This example demonstrates Dynamo's **Prefill/Decode Disaggregated Serving** architecture, where the prefill and decode phases of LLM inference are separated into specialized workers for enhanced performance, improved resource utilization, and better scalability.
## What is P/D Disaggregated Serving?
Traditional LLM inference combines two distinct phases with different computational characteristics:
-**Prefill Phase**: Processes the entire input prompt to generate the KV cache (compute-bound)
-**Decode Phase**: Generates output tokens one by one using the KV cache (memory-bound)
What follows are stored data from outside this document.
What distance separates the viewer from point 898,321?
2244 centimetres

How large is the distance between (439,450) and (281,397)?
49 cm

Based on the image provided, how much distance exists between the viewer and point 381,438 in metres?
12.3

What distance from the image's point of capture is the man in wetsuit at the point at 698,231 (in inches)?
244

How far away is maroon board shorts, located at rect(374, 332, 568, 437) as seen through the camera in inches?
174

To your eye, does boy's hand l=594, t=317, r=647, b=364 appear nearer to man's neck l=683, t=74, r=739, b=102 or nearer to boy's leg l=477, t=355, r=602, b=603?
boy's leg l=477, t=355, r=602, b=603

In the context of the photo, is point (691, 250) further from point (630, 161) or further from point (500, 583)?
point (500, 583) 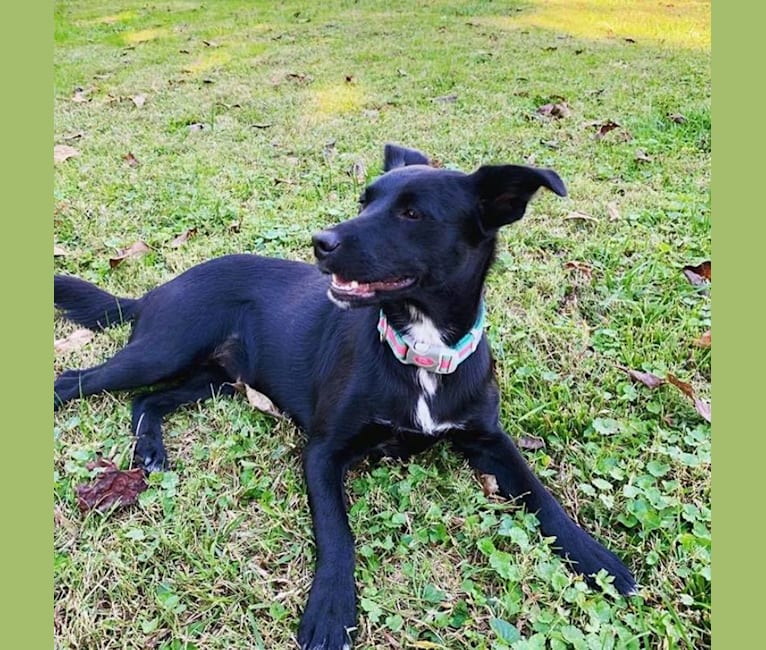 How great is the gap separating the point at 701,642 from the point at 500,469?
823 millimetres

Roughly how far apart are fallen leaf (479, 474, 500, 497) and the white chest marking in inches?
8.1

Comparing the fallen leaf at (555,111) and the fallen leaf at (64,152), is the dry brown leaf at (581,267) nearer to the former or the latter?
the fallen leaf at (555,111)

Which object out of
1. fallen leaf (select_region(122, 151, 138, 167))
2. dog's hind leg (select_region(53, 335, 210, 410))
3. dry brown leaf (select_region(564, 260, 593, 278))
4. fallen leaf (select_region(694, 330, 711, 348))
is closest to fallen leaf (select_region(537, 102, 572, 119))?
dry brown leaf (select_region(564, 260, 593, 278))

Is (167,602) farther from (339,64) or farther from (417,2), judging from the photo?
(417,2)

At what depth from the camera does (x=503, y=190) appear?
2.37 metres

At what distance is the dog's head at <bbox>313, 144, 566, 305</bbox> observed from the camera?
89.4 inches

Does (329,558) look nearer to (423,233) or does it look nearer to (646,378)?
(423,233)

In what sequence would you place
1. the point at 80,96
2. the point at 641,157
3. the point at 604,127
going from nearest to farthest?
the point at 641,157, the point at 604,127, the point at 80,96

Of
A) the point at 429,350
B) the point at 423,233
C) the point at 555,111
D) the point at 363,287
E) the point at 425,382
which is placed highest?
the point at 423,233

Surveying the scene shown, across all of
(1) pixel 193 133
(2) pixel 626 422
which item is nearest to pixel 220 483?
(2) pixel 626 422

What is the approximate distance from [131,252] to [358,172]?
1.85 meters

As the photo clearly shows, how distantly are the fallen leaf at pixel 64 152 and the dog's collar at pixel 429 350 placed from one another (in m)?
4.19

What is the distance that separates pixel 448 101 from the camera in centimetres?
707

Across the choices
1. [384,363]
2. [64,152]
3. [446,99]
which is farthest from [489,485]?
[446,99] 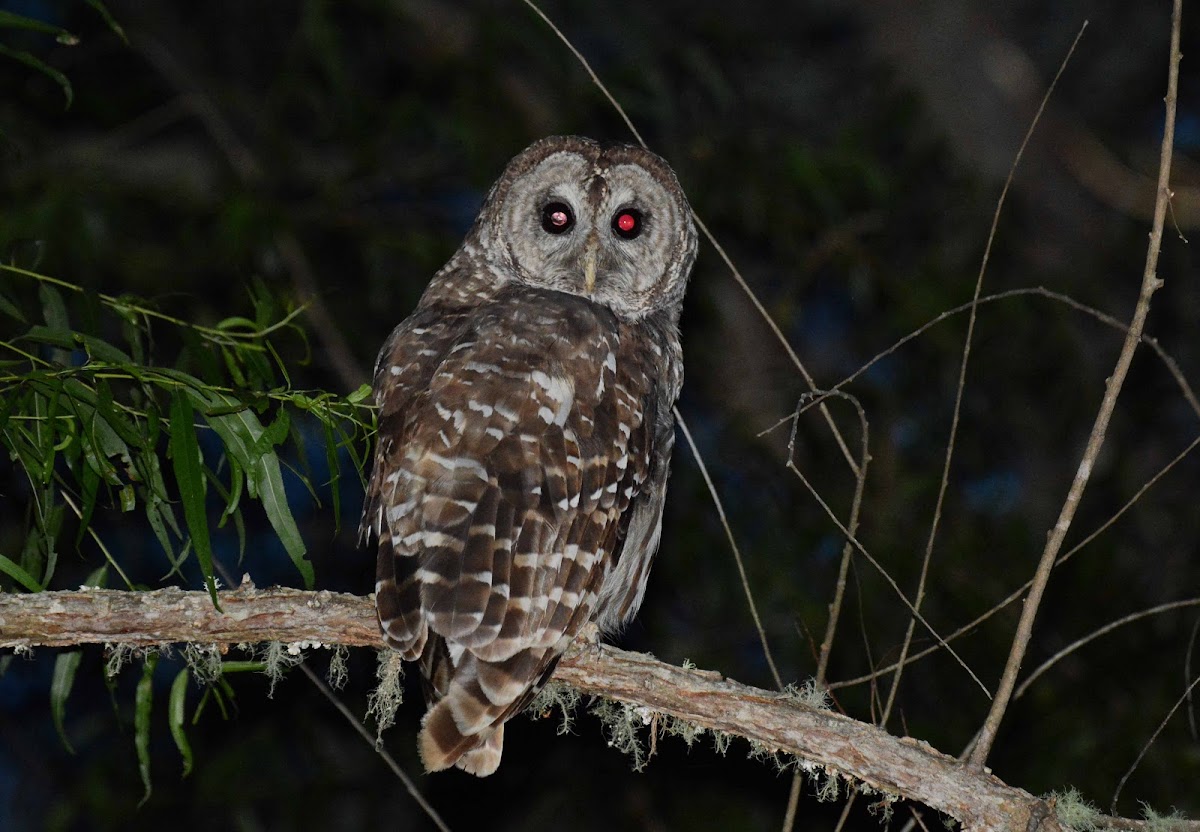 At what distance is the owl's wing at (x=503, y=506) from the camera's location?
7.52 feet

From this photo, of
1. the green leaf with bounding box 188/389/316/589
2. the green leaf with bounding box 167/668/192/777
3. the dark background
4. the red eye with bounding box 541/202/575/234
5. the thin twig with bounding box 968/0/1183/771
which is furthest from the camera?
the dark background

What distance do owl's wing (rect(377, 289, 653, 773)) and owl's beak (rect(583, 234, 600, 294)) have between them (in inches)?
16.7

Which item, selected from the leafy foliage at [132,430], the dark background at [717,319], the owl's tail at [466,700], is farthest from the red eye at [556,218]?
the owl's tail at [466,700]

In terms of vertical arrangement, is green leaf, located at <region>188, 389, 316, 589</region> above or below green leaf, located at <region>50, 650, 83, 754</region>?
above

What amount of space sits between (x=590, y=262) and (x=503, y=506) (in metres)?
0.97

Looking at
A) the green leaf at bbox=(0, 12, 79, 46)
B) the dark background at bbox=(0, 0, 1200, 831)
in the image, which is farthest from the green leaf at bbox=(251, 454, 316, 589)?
the dark background at bbox=(0, 0, 1200, 831)

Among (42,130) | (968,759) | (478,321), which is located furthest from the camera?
(42,130)

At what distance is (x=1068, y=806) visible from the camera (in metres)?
2.15

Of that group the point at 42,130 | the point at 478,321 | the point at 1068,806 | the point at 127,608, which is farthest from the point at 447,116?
the point at 1068,806

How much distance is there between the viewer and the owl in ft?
7.55

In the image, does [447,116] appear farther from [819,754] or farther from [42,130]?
[819,754]

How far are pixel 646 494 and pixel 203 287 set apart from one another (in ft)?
8.92

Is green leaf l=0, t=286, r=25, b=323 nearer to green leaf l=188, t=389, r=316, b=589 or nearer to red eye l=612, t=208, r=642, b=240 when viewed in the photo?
green leaf l=188, t=389, r=316, b=589

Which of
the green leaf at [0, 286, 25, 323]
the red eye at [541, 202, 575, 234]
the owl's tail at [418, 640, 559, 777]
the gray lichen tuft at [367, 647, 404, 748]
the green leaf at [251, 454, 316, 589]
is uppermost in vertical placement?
the red eye at [541, 202, 575, 234] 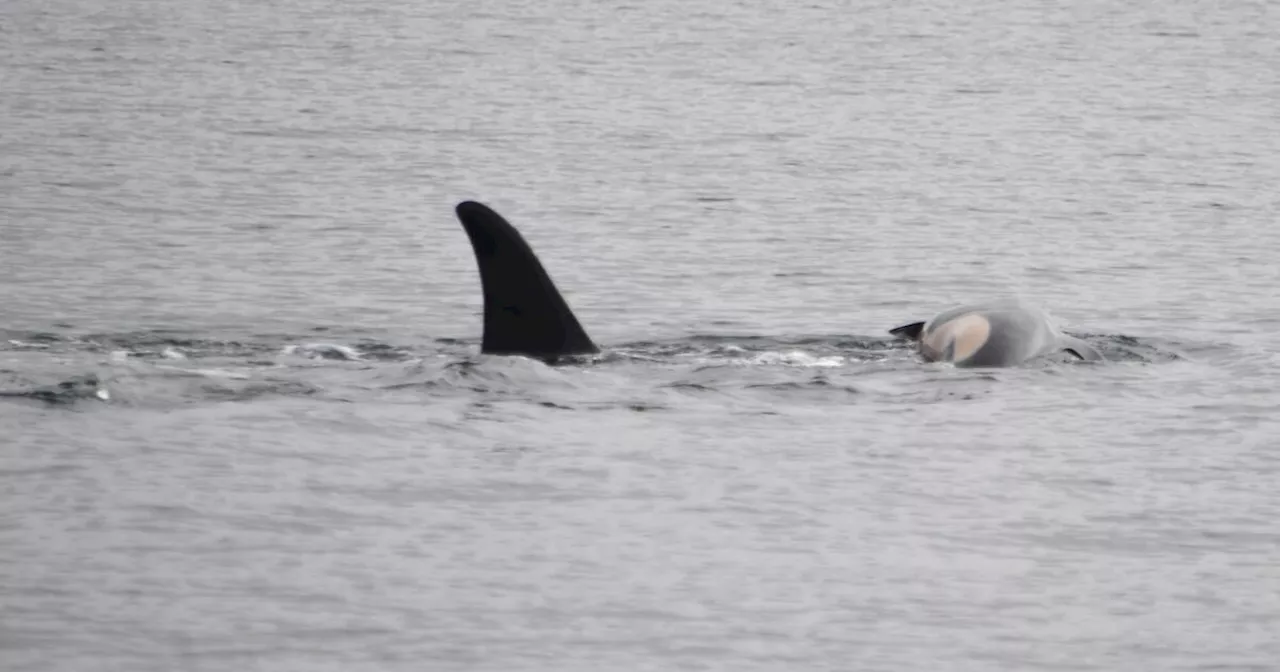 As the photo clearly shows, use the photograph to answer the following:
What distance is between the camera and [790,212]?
28.8 meters

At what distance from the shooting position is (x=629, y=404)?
15242 millimetres

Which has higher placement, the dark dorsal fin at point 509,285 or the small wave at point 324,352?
the dark dorsal fin at point 509,285

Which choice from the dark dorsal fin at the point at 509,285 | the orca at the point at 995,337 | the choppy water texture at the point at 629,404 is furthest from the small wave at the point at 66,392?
the orca at the point at 995,337

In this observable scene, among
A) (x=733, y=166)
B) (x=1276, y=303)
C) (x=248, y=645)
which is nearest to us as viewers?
(x=248, y=645)

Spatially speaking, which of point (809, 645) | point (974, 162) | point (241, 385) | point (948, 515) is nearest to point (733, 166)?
point (974, 162)

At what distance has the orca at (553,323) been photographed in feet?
50.6

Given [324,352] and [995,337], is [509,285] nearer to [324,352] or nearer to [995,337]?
[324,352]

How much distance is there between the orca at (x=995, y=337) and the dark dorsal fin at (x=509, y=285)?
9.00 feet

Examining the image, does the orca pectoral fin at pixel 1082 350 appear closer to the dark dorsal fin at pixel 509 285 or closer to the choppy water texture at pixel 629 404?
the choppy water texture at pixel 629 404

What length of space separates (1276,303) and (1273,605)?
10.4 meters

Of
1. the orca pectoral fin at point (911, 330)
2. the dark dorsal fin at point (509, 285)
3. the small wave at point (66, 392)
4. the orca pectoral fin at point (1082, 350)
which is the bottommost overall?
the small wave at point (66, 392)

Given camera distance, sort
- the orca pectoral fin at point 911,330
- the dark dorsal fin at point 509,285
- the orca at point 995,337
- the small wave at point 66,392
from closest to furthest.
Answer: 1. the small wave at point 66,392
2. the dark dorsal fin at point 509,285
3. the orca at point 995,337
4. the orca pectoral fin at point 911,330

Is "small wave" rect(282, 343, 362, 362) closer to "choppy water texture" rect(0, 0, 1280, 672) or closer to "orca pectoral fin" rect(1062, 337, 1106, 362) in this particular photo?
"choppy water texture" rect(0, 0, 1280, 672)

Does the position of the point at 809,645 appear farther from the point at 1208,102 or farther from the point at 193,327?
the point at 1208,102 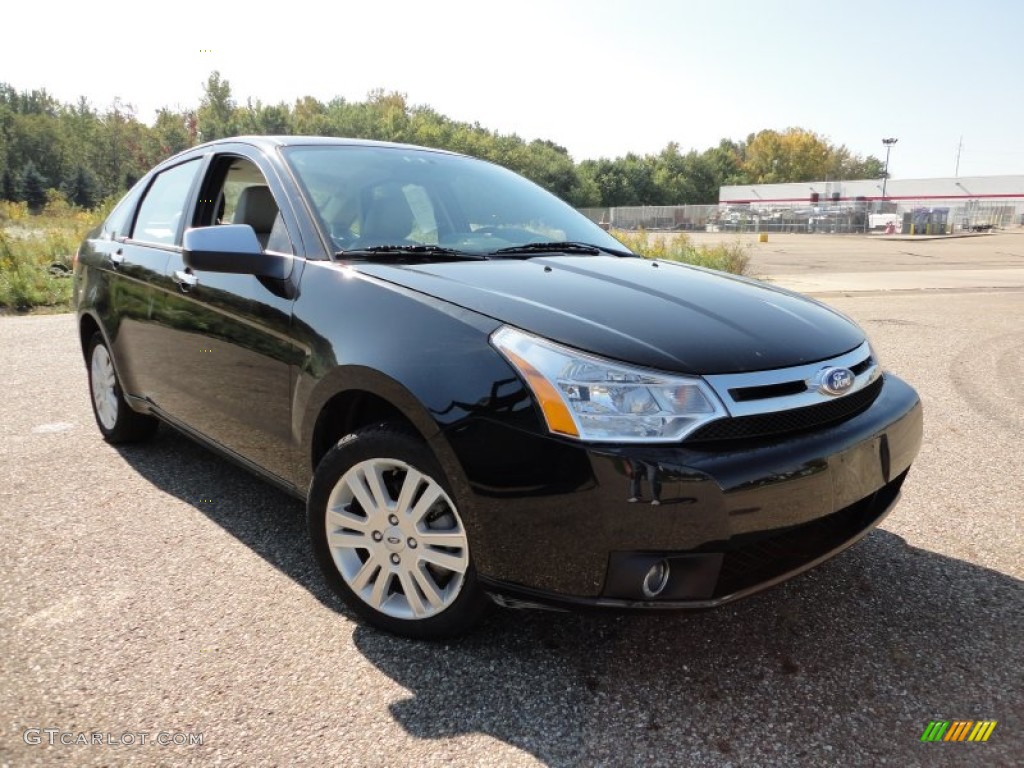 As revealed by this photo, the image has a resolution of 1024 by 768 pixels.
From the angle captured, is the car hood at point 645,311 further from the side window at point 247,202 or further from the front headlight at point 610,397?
the side window at point 247,202

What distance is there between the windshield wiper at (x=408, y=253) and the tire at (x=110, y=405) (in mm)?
2082

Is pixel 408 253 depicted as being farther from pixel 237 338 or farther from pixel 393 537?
pixel 393 537

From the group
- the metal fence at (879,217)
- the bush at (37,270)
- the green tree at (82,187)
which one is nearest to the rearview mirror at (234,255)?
the bush at (37,270)

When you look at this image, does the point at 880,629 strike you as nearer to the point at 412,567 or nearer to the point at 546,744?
the point at 546,744

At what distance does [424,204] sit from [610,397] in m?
1.55

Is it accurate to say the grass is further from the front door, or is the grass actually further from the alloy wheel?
the alloy wheel

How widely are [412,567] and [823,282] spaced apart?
45.7 feet

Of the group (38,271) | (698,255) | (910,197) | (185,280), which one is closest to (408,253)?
(185,280)

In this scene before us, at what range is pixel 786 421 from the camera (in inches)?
75.2

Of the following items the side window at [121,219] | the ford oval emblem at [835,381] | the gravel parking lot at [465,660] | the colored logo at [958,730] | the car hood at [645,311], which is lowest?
the colored logo at [958,730]

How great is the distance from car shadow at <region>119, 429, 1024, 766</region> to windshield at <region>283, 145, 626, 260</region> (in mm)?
1310

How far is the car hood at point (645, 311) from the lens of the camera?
188 cm

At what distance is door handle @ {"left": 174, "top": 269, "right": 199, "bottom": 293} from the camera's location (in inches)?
115

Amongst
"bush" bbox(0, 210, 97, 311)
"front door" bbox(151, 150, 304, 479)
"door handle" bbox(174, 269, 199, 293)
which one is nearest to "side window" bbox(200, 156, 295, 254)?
"front door" bbox(151, 150, 304, 479) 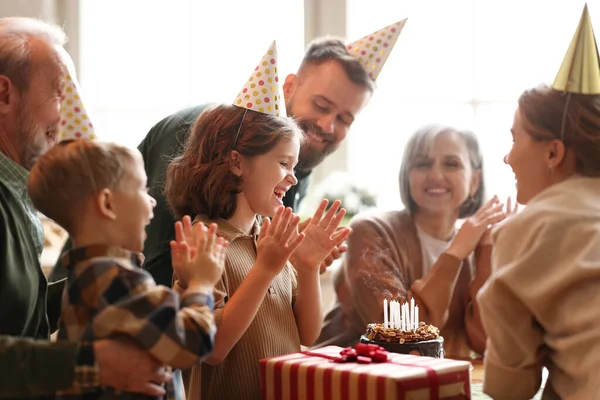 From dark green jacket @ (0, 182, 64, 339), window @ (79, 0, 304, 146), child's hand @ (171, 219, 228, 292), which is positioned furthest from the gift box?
window @ (79, 0, 304, 146)

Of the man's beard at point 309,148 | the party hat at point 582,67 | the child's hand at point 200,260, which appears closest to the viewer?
the child's hand at point 200,260

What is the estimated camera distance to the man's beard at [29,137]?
155 cm

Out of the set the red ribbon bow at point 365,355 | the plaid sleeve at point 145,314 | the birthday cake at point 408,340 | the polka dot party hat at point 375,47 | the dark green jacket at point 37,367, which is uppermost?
the polka dot party hat at point 375,47

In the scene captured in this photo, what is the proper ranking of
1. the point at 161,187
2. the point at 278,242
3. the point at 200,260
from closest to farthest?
the point at 200,260 < the point at 278,242 < the point at 161,187

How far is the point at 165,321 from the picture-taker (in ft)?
4.02

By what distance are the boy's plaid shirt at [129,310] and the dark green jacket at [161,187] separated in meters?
0.81

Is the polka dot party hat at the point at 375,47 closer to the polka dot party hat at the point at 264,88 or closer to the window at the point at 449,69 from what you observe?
the polka dot party hat at the point at 264,88

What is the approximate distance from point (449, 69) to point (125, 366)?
2698 millimetres

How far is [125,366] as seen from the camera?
1.25 meters

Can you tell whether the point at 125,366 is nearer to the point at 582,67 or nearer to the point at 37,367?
the point at 37,367

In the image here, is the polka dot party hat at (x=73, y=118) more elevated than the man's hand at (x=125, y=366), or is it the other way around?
the polka dot party hat at (x=73, y=118)

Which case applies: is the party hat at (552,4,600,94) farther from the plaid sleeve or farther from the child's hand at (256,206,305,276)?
the plaid sleeve

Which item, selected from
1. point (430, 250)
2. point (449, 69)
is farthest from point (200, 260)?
point (449, 69)

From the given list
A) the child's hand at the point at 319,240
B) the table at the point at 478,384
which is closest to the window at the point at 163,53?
the table at the point at 478,384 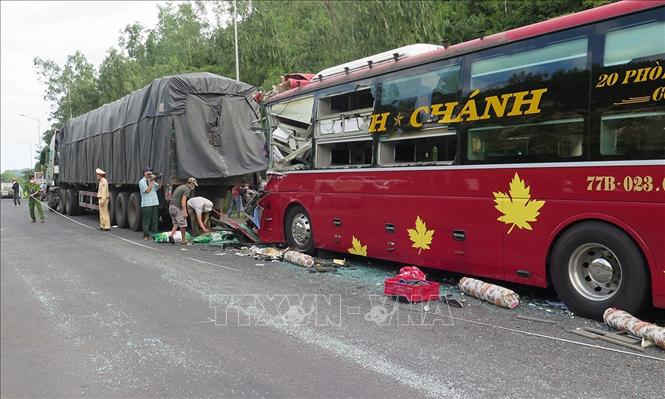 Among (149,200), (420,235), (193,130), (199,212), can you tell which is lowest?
(199,212)

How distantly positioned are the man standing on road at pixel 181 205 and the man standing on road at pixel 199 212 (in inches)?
10.1

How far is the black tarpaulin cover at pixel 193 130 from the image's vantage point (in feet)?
40.7

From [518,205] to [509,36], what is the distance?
77.1 inches

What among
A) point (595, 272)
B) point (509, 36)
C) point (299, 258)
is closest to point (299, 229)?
point (299, 258)

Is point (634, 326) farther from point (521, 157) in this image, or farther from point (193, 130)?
point (193, 130)

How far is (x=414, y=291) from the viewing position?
6016mm

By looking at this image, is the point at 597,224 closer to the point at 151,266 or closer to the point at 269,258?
the point at 269,258

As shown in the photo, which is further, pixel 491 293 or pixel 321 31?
pixel 321 31

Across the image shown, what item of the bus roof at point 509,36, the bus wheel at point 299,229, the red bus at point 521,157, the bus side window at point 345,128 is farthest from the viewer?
the bus wheel at point 299,229

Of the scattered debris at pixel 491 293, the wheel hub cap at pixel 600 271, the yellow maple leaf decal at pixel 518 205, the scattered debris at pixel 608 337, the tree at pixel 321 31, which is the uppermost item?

Dynamo's disaggregated architecture separates these phases into specialized workers:
-**Prefill Workers**: Optimized for high-throughput parallel processing of input tokens
-**Decode Workers**: Optimized for low-latency sequential token generation
This separation allows for:
-**Better Hardware Utilization**: Use different parallelism configurations optimized for each phase
-**Improved Scalability**: Scale prefill and decode workers independently based on workload
-**Enhanced Performance**: Eliminate head-of-line blocking where long prefills delay ongoing decodes
## Prerequisites
> [!NOTE]
> This example requires having at least 2 GPUs -- one for Prefill and one for Decode
Before running this example, ensure you have the following services running:
-**etcd**: A distributed key-value store used for service discovery and metadata storage
-**NATS**: A high-performance message broker for inter-component communication
You can start these services using Docker Compose:
```bash
docker compose -f deploy/metrics/docker-compose.yml up -d
```
## Components
-[Frontend](../../../components/frontend/README) - HTTP API endpoint that receives requests and forwards them to the decode worker
-[vLLM Prefill Worker](../../../components/backends/vllm/README) - Specialized worker for prefill phase execution
-[vLLM Decode Worker](../../../components/backends/vllm/README) - Specialized worker that handles requests and decides between local/remote prefill
```mermaid
---
title: Disaggregated Request Flow
---
flowchart TD
Client["Users/Clients<br/>(HTTP)"] --> Frontend["Frontend<br/>HTTP API endpoint<br/>(OpenAI Style)"]
- **Automatic Fallback**: When no prefill workers are available, decode workers handle everything locally
- **Transparent Operation**: Clients are unaware of whether requests are processed locally or disaggregated
This approach ensures the system remains operational regardless of configuration changes, automatically adapting to the available resources.
### 3. High-Performance KV Cache Transfer
The architecture relies on NVIDIA's NIXL (NVIDIA Inference Transfer Library) for efficient KV cache movement:
- **Direct GPU-to-GPU Transfer**: KV cache data moves directly between GPU memory without CPU involvement
- **Zero-Copy Operations**: Eliminates redundant memory copies for maximum efficiency
- **Automatic Transport Selection**: NIXL chooses the optimal transport (NVLink, InfiniBand, etc.) based on hardware topology
### 4. Request Flow
```mermaid
sequenceDiagram
participant Client
participant Decode as Decode Worker
participant Prefill as Prefill Worker
Client->>Decode: Send request
Decode->>Decode: Check prefill availability
alt Prefill workers available
Decode->>Prefill: Forward for prefill
Prefill->>Prefill: Compute KV cache
Note over Prefill,Decode: NIXL transfers KV cache
Prefill-->>Decode: Return control
Decode->>Decode: Generate tokens
else No prefill workers
Decode->>Decode: Prefill + Decode locally
end
Decode-->>Client: Stream response tokens
```
### 5. Key Benefits
This disaggregated architecture provides several advantages:
1. **Resource Optimization**: Each worker type can be optimized for its specific workload
2. **Independent Scaling**: Add prefill or decode workers based on workload characteristics
3. **Improved Latency**: Ongoing decode operations aren't blocked by new prefill requests
4. **Seamless Degradation**: System continues operating even without prefill workers
### 6. Operational Flexibility
The architecture supports various deployment patterns:
- **Single Node**: Prefill and decode workers on different GPUs of the same machine
- **Multi-Node**: Workers distributed across multiple machines for larger scale
- **Dynamic Scaling**: Add or remove workers without disrupting ongoing operations
By separating concerns and using efficient communication mechanisms, Dynamo achieves the performance benefits of disaggregation without the complexity typically associated with distributed systems.